■ **Exercise objective**
In your copy of the data, include no pictures and alter nothing else.

■ **Available data**
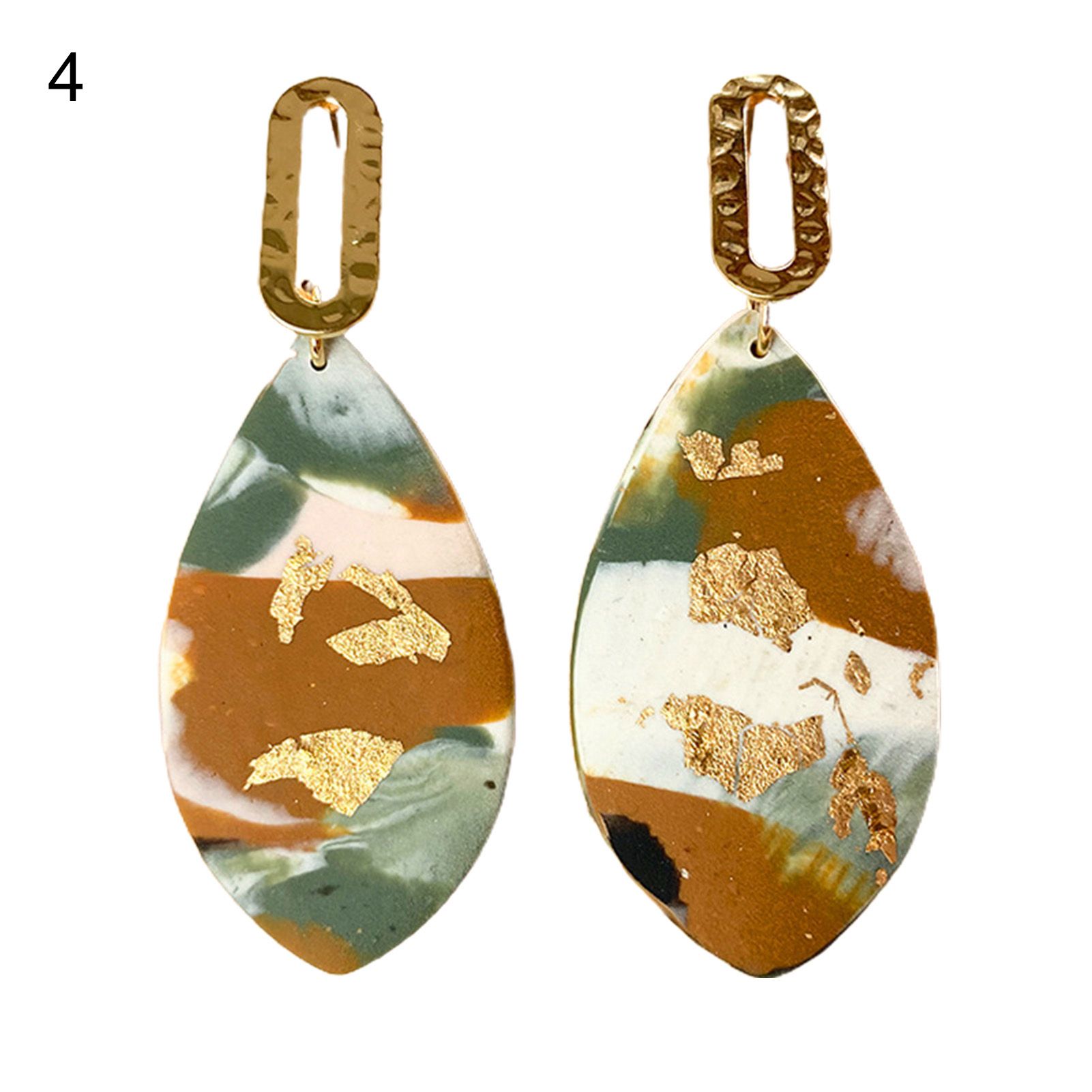 Wedding Earrings Marble Pattern Marble Pattern Drop Earrings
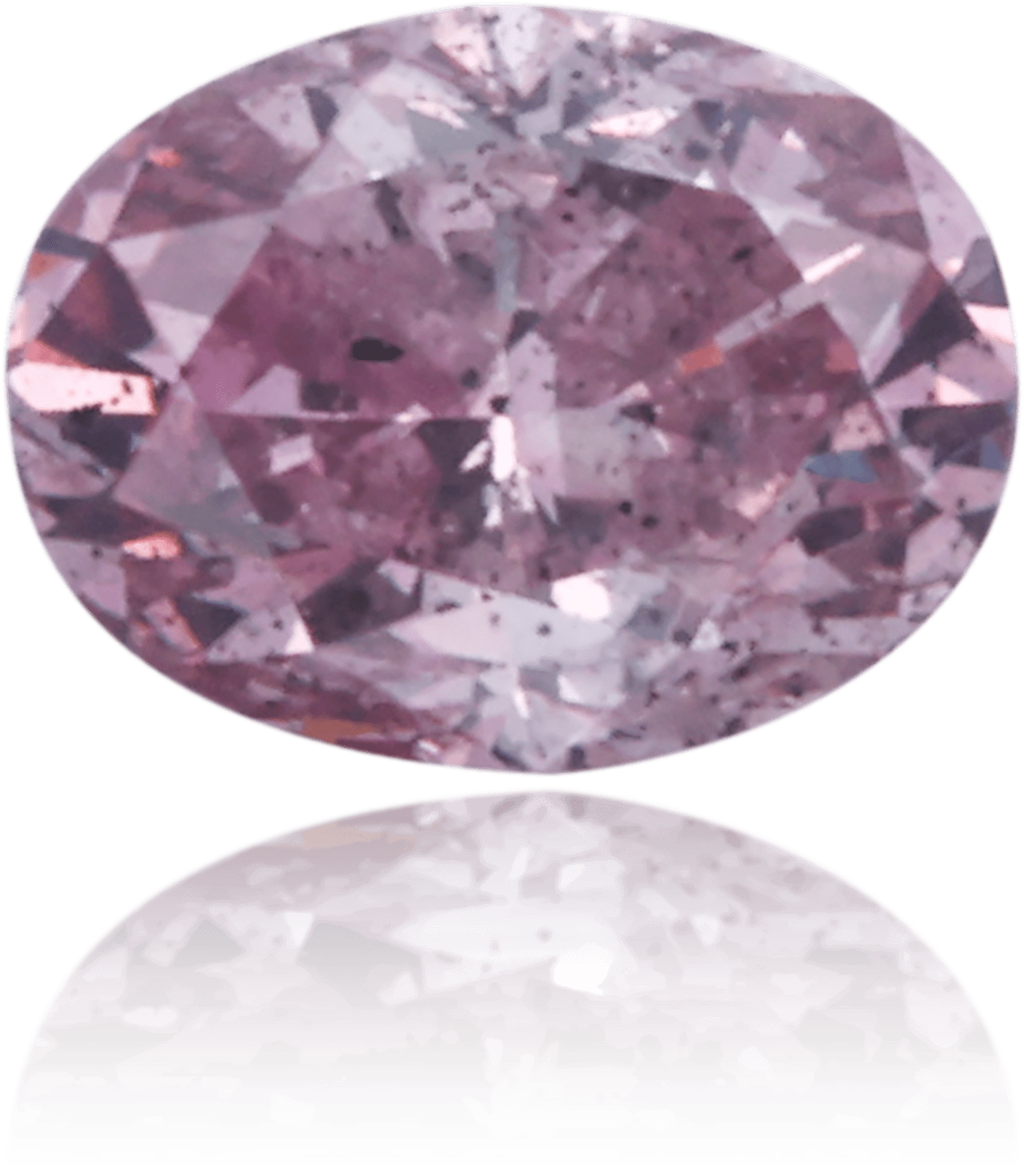 Natural Purple Diamond Oval 0.19 ct Polished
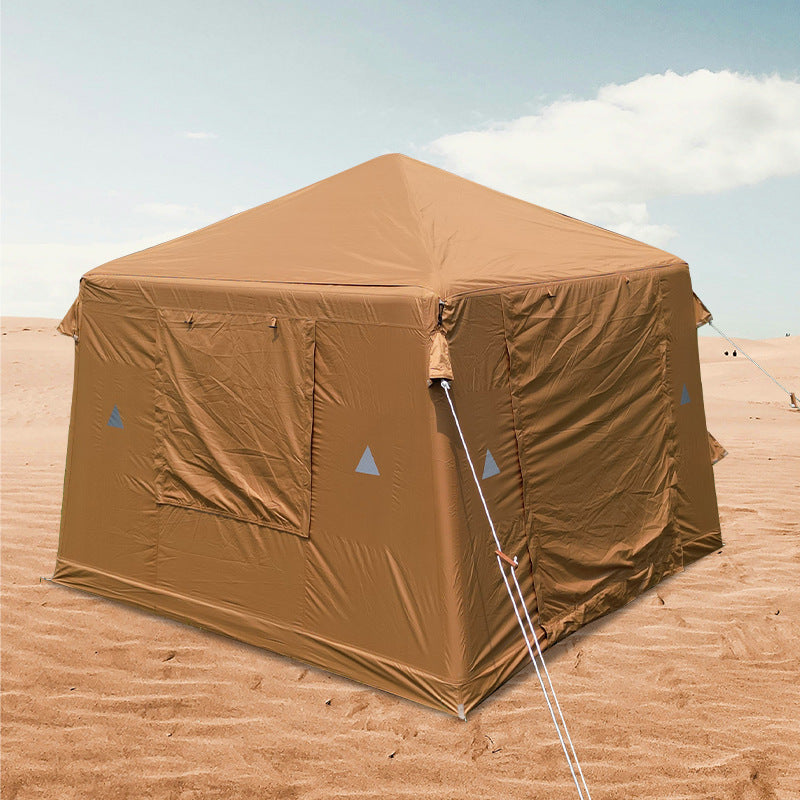 Wholesale Inflatable Tent from Source Factory Middle East Saudi Arabia Tent Black Coating Sunproof Rainproof Automatic Quick Open3*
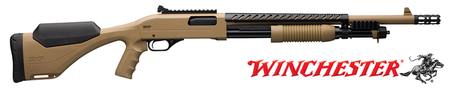 Buy 12ga Winchester SXP Defender Flat Dark Earth with Adjustable Comb 18" in NZ.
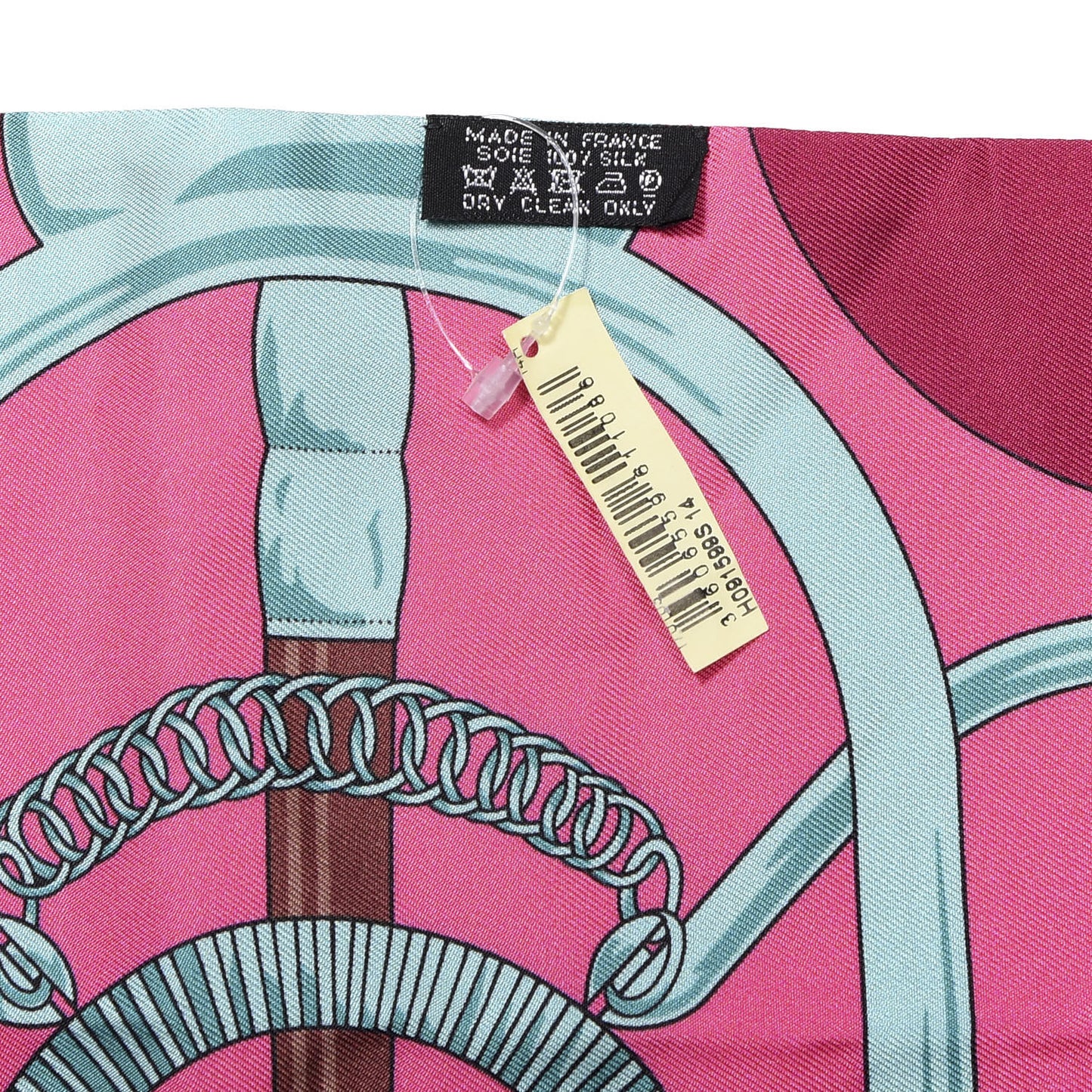 Silk Eperon D'Or Remix Maxi Twilly Rose Indien Cassis Vert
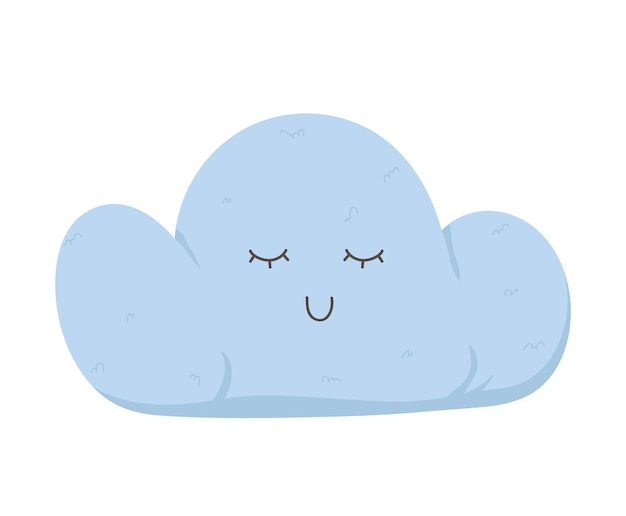 Soft cloud decorative pillow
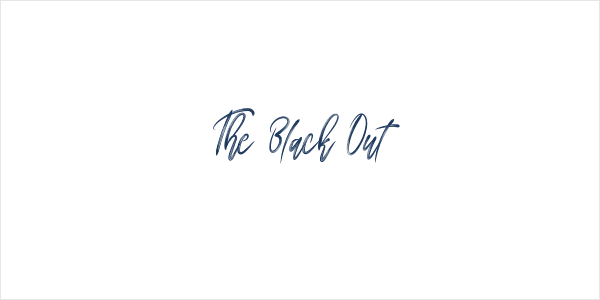 The Black Out Logo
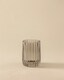 image 2 of Cosmic Counter Cup Tooth Brush Holder with Durable Plastic for Bathroom, Grey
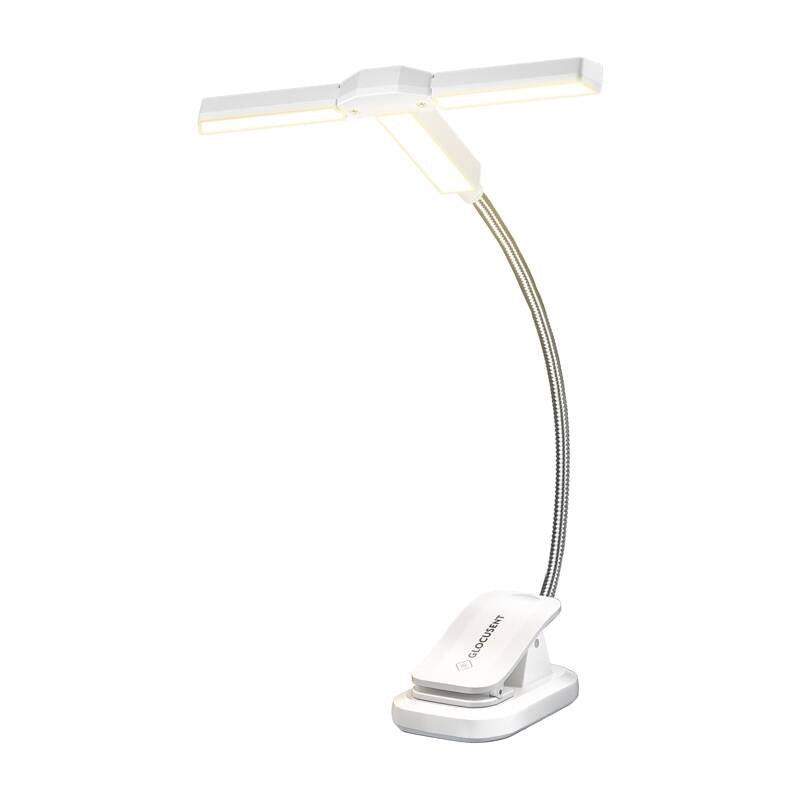 Tri-Head Book Light Glocusent USB-C 1000mAh (White)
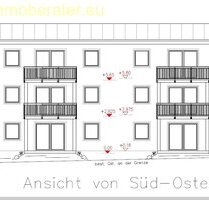 Neubau und Erstbezug-projektiert 4-ZI-EG-Whg. WFL ca. 104,00 mit Terrasse und eigenem Gartenaneil Bezugstermin Frühjahr 2026. - Speichersdorf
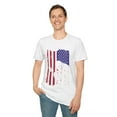 thumbnail image 5 of Soldier sunflower Kneeling Distressed Flag Men Women Tees, 5 of 6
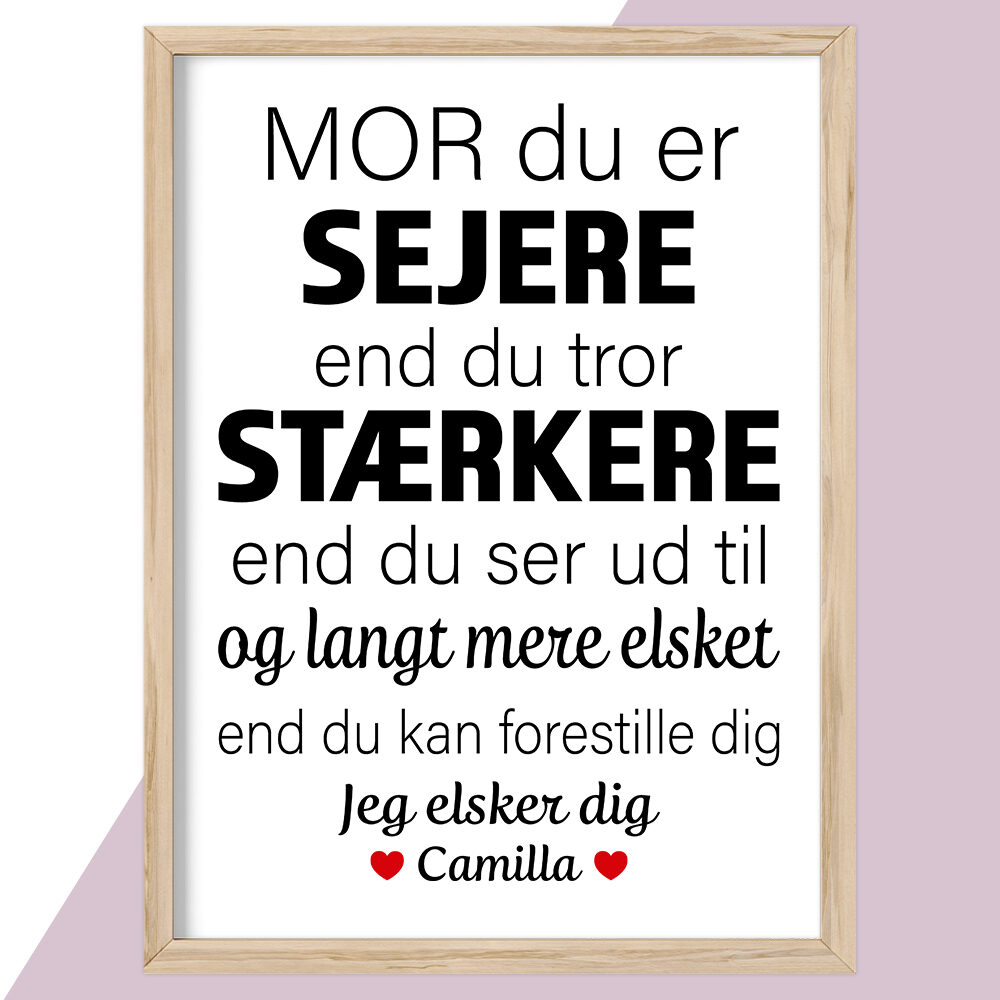 Plakat - personlige plakater - stort udvalg hos Hjemlux.dk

■ **Answer space**
 Wedding Earrings Marble Pattern Marble Pattern Drop Earrings
 Natural Purple Diamond Oval 0.19 ct Polished
 Wholesale Inflatable Tent from Source Factory Middle East Saudi Arabia Tent Black Coating Sunproof Rainproof Automatic Quick Open3*
 Buy 12ga Winchester SXP Defender Flat Dark Earth with Adjustable Comb 18" in NZ.
 Silk Eperon D'Or Remix Maxi Twilly Rose Indien Cassis Vert
 Soft cloud decorative pillow
 The Black Out Logo
 image 2 of Cosmic Counter Cup Tooth Brush Holder with Durable Plastic for Bathroom, Grey
 Tri-Head Book Light Glocusent USB-C 1000mAh (White)
 Neubau und Erstbezug-projektiert 4-ZI-EG-Whg. WFL ca. 104,00 mit Terrasse und eigenem Gartenaneil Bezugstermin Frühjahr 2026. - Speichersdorf
 thumbnail image 5 of Soldier sunflower Kneeling Distressed Flag Men Women Tees, 5 of 6
 Plakat - personlige plakater - stort udvalg hos Hjemlux.dk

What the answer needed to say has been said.